Format-Preserving Encryption (FPE)

FPE keeps the original format and length of field values. Configure it per-field via field_config by specifying all necessary FPE-related settings.

Let's imagine a record with sensitive fields:

{
  "customerId": "CUST-12345",
  "creditCardNumber": "4455202014528870",
  "ssn": "230564998",
  "email": "customer@example.com"
}

To encrypt the sensitive fields creditCardNumber and ssn while keeping their numeric format intact you can use the following field_config settings to apply the FPE cipher:

{
  "transforms":"cipher",
  "transforms.cipher.type":"com.github.hpgrahsl.kafka.connect.transforms.kryptonite.CipherField$Value",
  "transforms.cipher.cipher_mode": "ENCRYPT",
  "transforms.cipher.cipher_data_keys": "[{ \"identifier\": \"my-fpe-key\", \"material\": { \"primaryKeyId\": 2000001, \"key\": [{ \"keyData\": { \"typeUrl\": \"io.github.hpgrahsl.kryptonite/crypto.custom.mysto.fpe.FpeKey\", \"value\": \"<BASE64_ENCODED_FPE_KEY>\", \"keyMaterialType\": \"SYMMETRIC\" }, \"status\": \"ENABLED\", \"keyId\": 2000001, \"outputPrefixType\": \"RAW\" }] } }]",
  "transforms.cipher.cipher_data_key_identifier": "my-fpe-key",
  "transforms.cipher.field_config": "[{\"name\":\"creditCardNumber\",\"algorithm\":\"CUSTOM/MYSTO_FPE_FF3_1\",\"fpeAlphabetType\":\"DIGITS\"},{\"name\":\"ssn\",\"algorithm\":\"CUSTOM/MYSTO_FPE_FF3_1\",\"fpeAlphabetType\":\"DIGITS\"}]"
}

After FPE encryption, the 16-digit credit card number remains a 16-digit number and the 9-digit social security number remains a 9-digit number.

{
  "customerId": "CUST-12345",
  "creditCardNumber": "7823956140762231",  // still 16 digits
  "ssn": "845721369",  // still 9 digits
  "email": "customer@example.com"
}

To successfully decrypt both fields you MUST configure the SMT with the exact same FPE settings:

{
  "transforms":"decipher",
  "transforms.decipher.type":"com.github.hpgrahsl.kafka.connect.transforms.kryptonite.CipherField$Value",
  "transforms.decipher.cipher_mode": "DECRYPT",
  "transforms.decipher.cipher_data_keys": "[{ \"identifier\": \"my-fpe-key\", \"material\": { \"primaryKeyId\": 2000001, \"key\": [{ \"keyData\": { \"typeUrl\": \"io.github.hpgrahsl.kryptonite/crypto.custom.mysto.fpe.FpeKey\", \"value\": \"<BASE64_ENCODED_FPE_KEY>\", \"keyMaterialType\": \"SYMMETRIC\" }, \"status\": \"ENABLED\", \"keyId\": 2000001, \"outputPrefixType\": \"RAW\" }] } }]",
  "transforms.decipher.field_config": "[{\"name\":\"creditCardNumber\",\"algorithm\":\"CUSTOM/MYSTO_FPE_FF3_1\",\"fpeAlphabetType\":\"DIGITS\"},{\"name\":\"ssn\",\"algorithm\":\"CUSTOM/MYSTO_FPE_FF3_1\",\"fpeAlphabetType\":\"DIGITS\"}]"
}

The result of a successful decryption shows the original record value:

{
  "customerId": "CUST-12345",
  "creditCardNumber": "4455202014528870",
  "ssn": "230564998",
  "email": "customer@example.com"
}

Externalising Key Material

Since keyset material that is inlined into the connector's JSON configuration is visible via the Connect REST API, use the file-based config provider to keep secrets such as keysets outside of the connector configuration.

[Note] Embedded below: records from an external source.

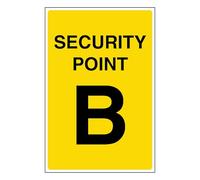 V Safety Security Point B 400 x 600 mm - Resplandor en la oscuridad, plástico rígido de 1 mm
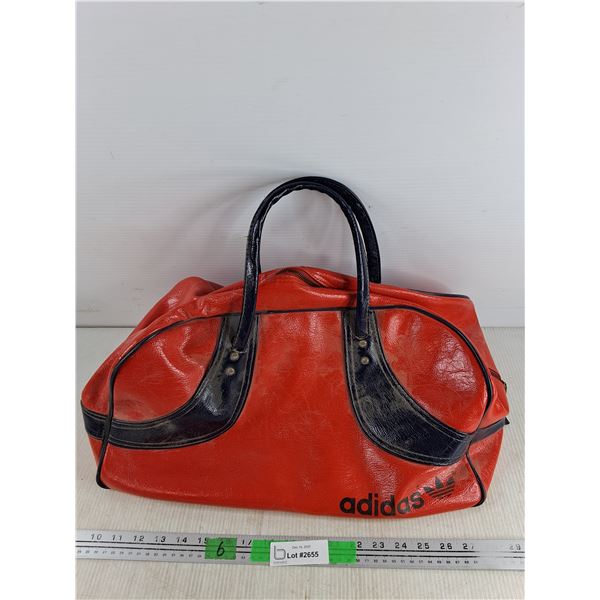Vintage Adidas Faux Leather Bag 18  x 10  x 9 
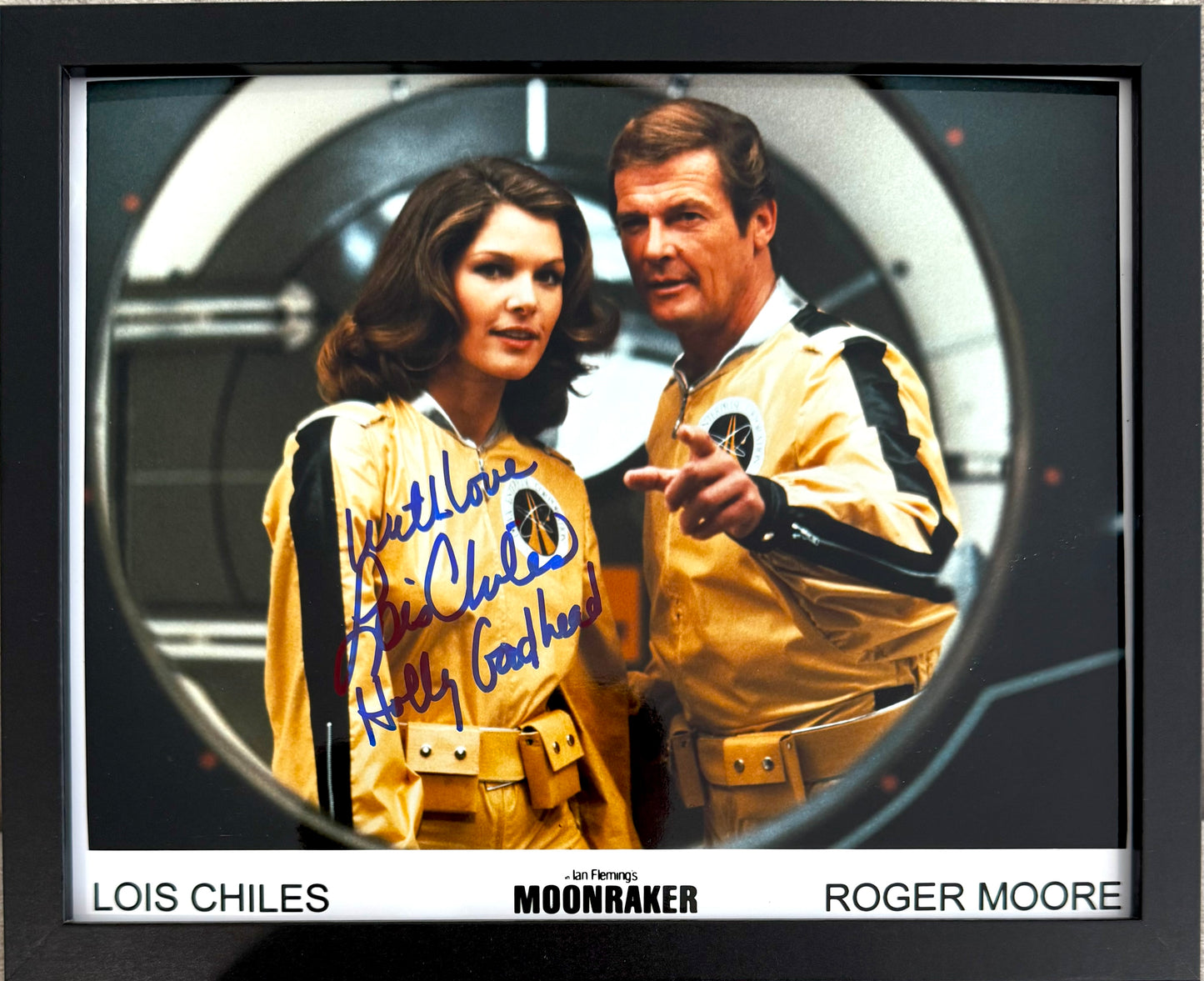 Lois Chiles, 007 'Holly Goodhead' James Bond 'Moonraker' Actress, Hand Signed Photo & COA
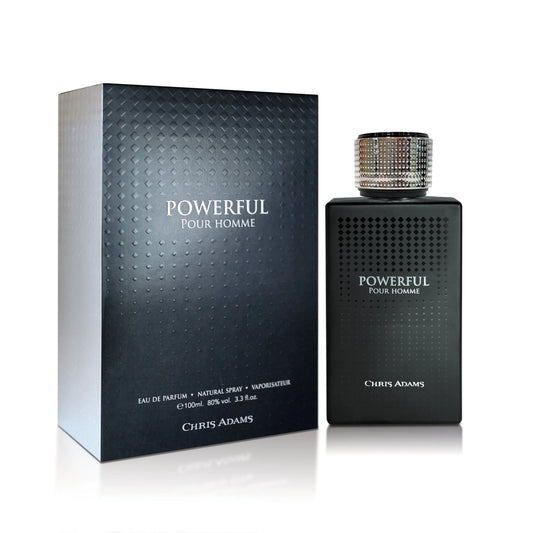 Chris Adams Powerful for Men Eau de Parfum for Men 100mL - Velora Luxury Fashion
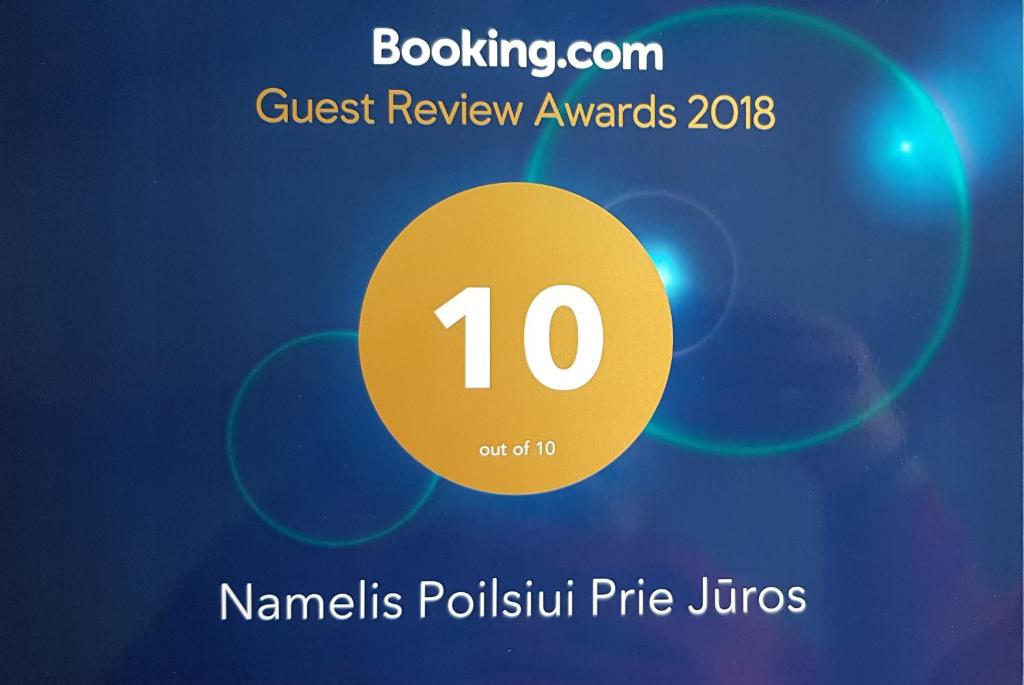 Certifikát, hodnocení, plakát nebo jiný dokument vystavený v ubytování Namelis poilsiui prie jūros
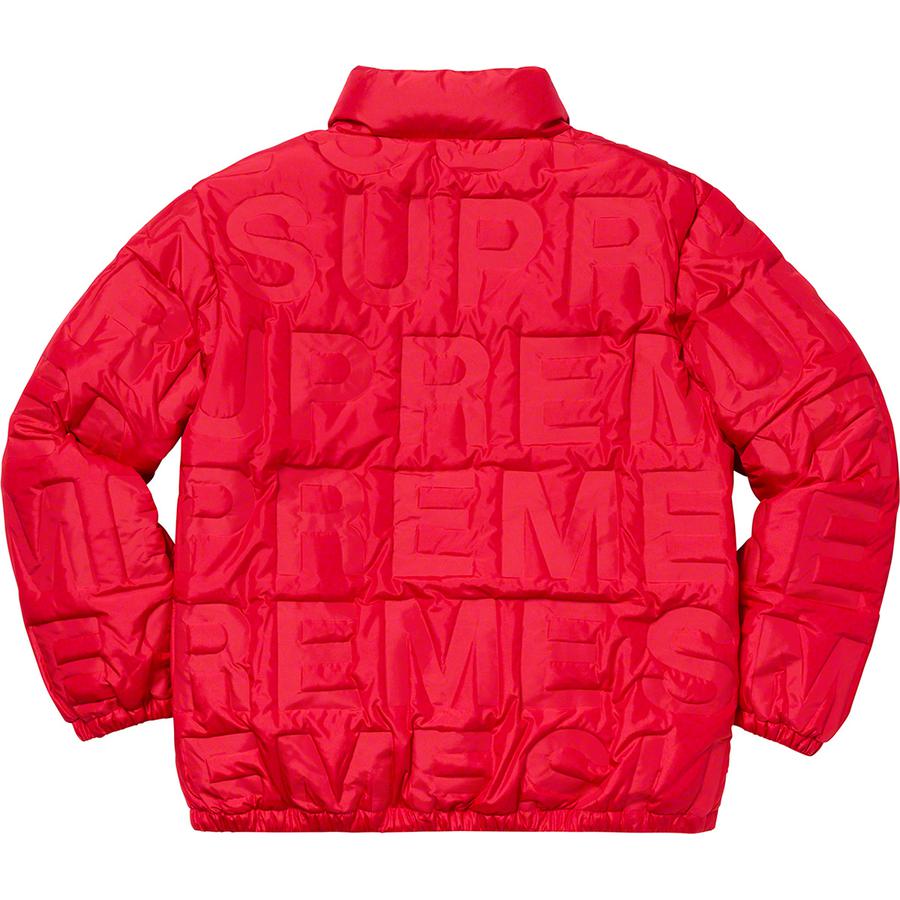 Supreme Bonded Logo Puffy Jacket (SS19) - $348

1. Add to the Connect worker configuration:

connect.config.providers=file
connect.config.providers.file.class=org.apache.kafka.common.config.provider.FileConfigProvider

2. Create a properties file on each worker node (e.g. /secrets/kryptonite/classified.properties):

cipher_data_keys=[{"identifier":"my-key","material":{...}}]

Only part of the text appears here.